Exactly as written, reproduce the lines from the beginning of the data through the line containing "Wooden jewelry bust"; the pictures are not reproduced.

****************

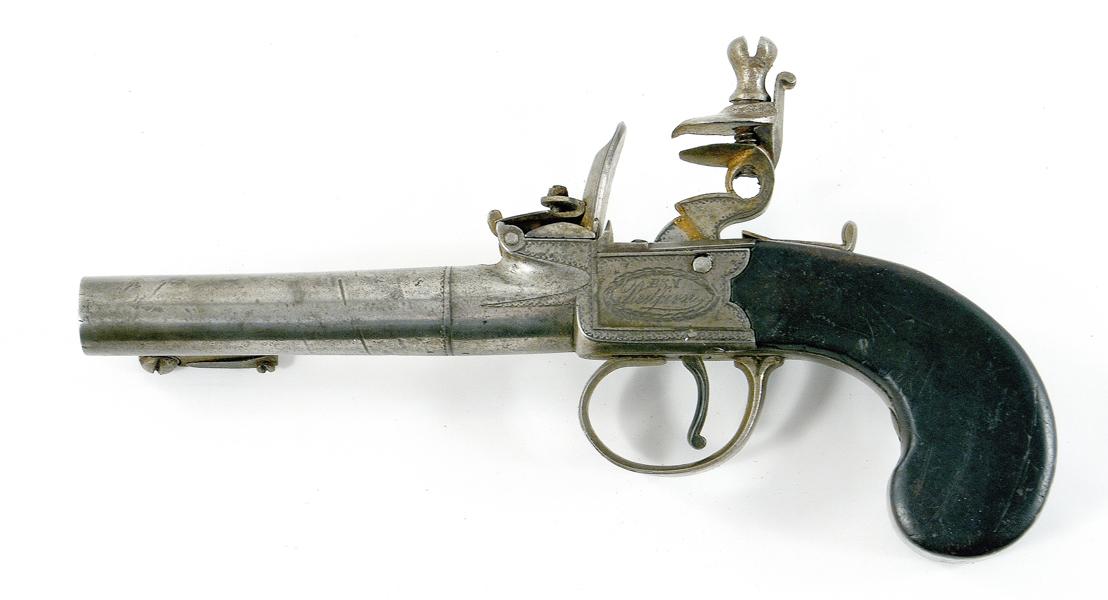 FLINTLOCK POCKET PISTOL WITH BAYONET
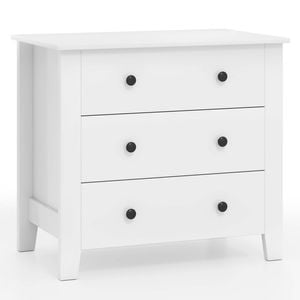 Costway Bedside Table Nightstand 3 Drawer White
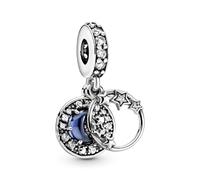 Pandora Passions Colgante con diseño de luna y estrella de plata de ley con cristal azul claraboya y circonitas cúbicas transparentes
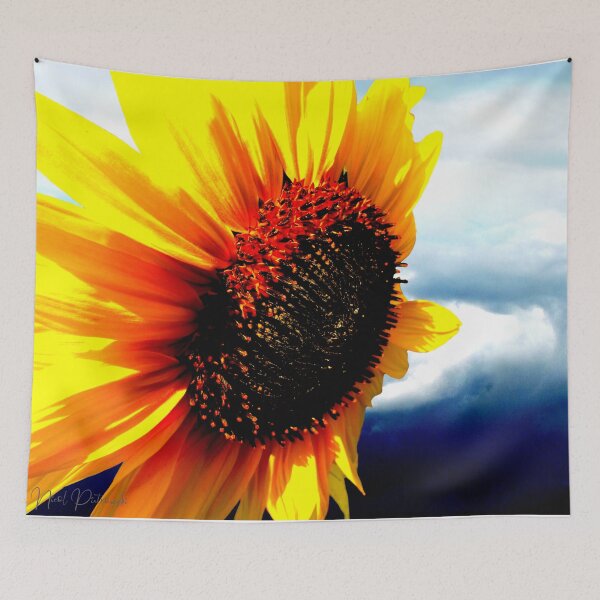 Item preview, Yellow Orange Sunflower flower Aqua Teal Navy Blue Sky Art A609 designed and sold by byNicol.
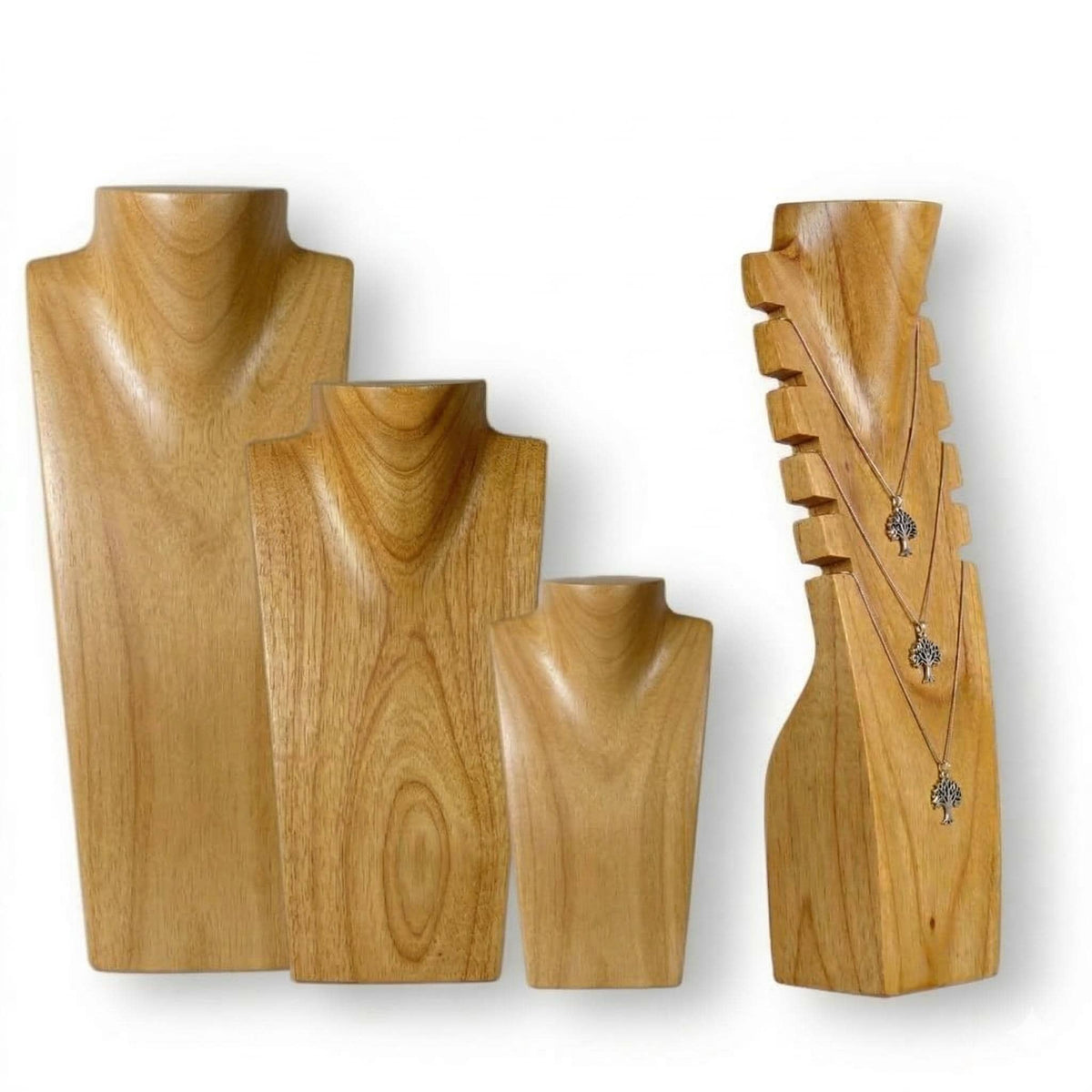 Wooden jewelry bust brown - Necklace display in 3 sizes for 16"/24"/32"" chains - Sturdy necklace stand for shop windows & trade shows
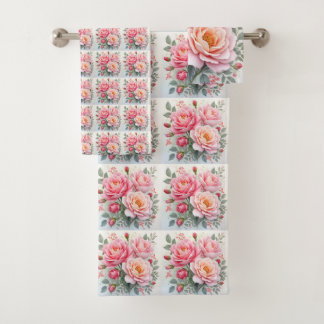 Pink Roses Beautiful Luxury Popular Collection Bath Towel Set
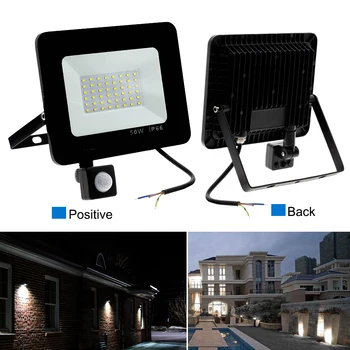 Led Flood Light, Motion Sensor Projektør 50W 30W 20W 10W 220V IP65 Udendørs have Spot Garage LED væglampe, Lys, Varme Kulde whit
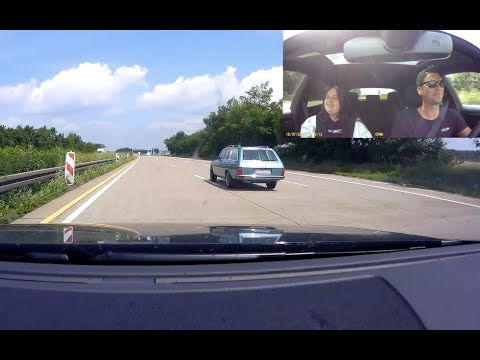 Was hat der denn unter der Haube? Unscheinbarer alter Mercedes (W123) auf der Autobahn mit 230 Km/h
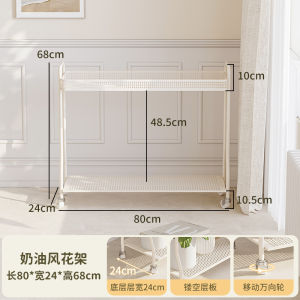 Simple Movable Iron Art Indoor Flower Stand Storage Rack Balcony Multi-layer Succulent Flower Pot Stand Living Room Floor-standing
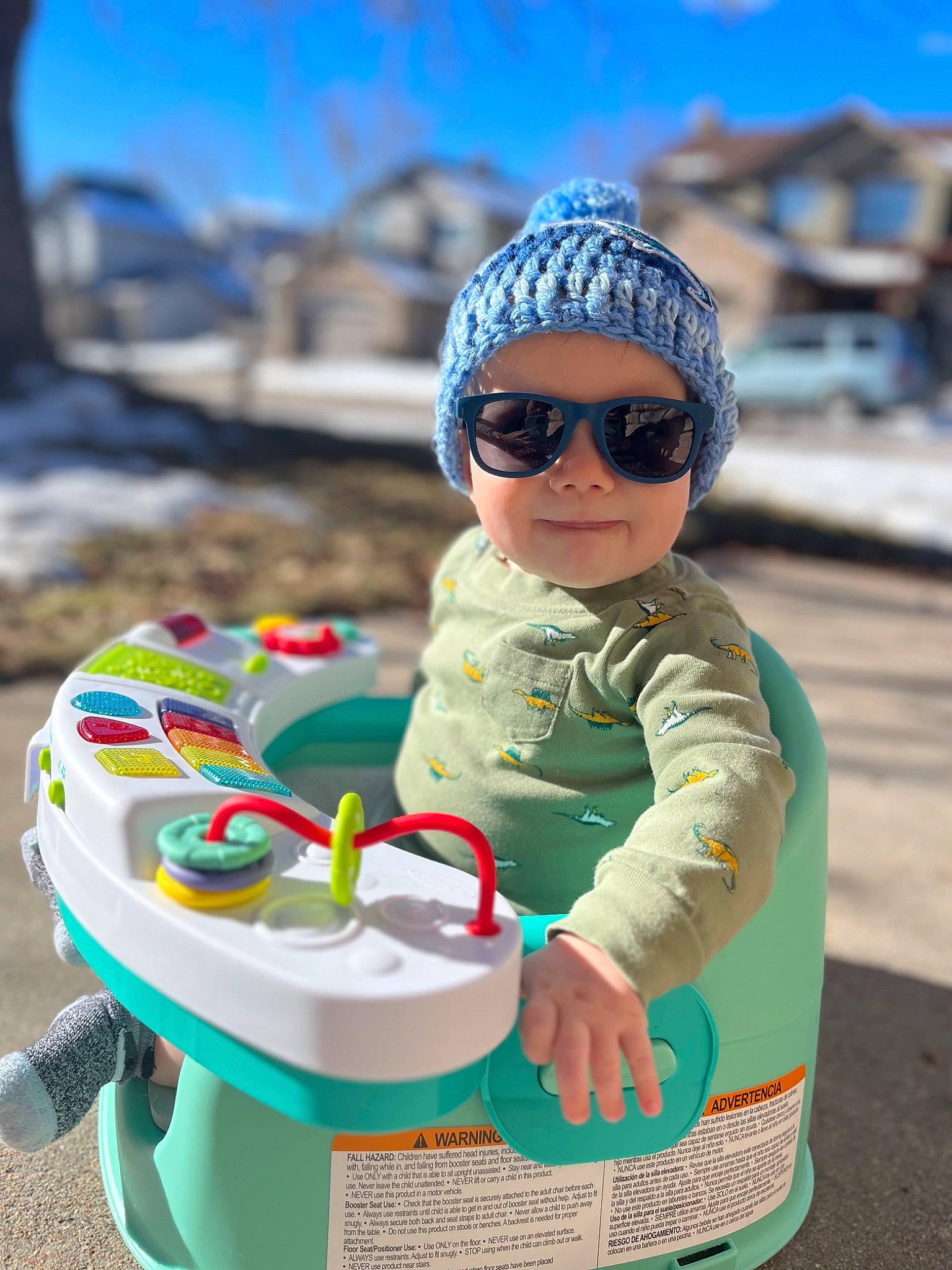 Owen is registered to the contest to win money with this photo: blue, child, electric_blue, eyewear, fun, goggles, happy, headwear, joy, leisure, person, personal_protective_equipment, recreation, sky, smile, snapshot, sunglasses, toddler, toy, travel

****************

Answer area.
 FLINTLOCK POCKET PISTOL WITH BAYONET
 Costway Bedside Table Nightstand 3 Drawer White
 Pandora Passions Colgante con diseño de luna y estrella de plata de ley con cristal azul claraboya y circonitas cúbicas transparentes
 Item preview, Yellow Orange Sunflower flower Aqua Teal Navy Blue Sky Art A609 designed and sold by byNicol.
 Wooden jewelry bust brown - Necklace display in 3 sizes for 16"/24"/32"" chains - Sturdy necklace stand for shop windows & trade shows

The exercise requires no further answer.